Activity - Taking the line that contains "Size 5.5 Sterling Silver Grape Agate Ring" as the first, copy each line exactly up to and including the last line below.

[Excerpts from a dataset]
━━━━━━

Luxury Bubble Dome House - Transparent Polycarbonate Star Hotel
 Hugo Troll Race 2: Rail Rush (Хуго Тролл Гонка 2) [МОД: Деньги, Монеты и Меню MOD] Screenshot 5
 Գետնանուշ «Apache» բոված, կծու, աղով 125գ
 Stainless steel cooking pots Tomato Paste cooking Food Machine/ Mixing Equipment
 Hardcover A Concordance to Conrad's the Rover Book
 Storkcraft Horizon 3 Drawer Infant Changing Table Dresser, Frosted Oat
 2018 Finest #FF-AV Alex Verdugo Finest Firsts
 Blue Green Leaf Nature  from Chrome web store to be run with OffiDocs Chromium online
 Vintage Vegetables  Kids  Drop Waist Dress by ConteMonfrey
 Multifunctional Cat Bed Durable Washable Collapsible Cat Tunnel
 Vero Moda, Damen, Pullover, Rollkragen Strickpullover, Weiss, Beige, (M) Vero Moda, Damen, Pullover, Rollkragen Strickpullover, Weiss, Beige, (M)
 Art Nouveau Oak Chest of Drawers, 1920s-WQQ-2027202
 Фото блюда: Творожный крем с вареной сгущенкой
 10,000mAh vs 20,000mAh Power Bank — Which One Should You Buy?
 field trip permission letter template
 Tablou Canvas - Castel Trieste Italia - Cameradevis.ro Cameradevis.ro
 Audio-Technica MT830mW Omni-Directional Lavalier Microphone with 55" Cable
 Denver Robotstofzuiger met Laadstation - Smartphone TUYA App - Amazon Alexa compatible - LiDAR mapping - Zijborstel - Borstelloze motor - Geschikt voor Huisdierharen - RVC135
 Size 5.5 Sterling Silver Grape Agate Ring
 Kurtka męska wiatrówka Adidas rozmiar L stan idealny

━━━━━━

Response to this task -
 Size 5.5 Sterling Silver Grape Agate Ring
 Kurtka męska wiatrówka Adidas rozmiar L stan idealny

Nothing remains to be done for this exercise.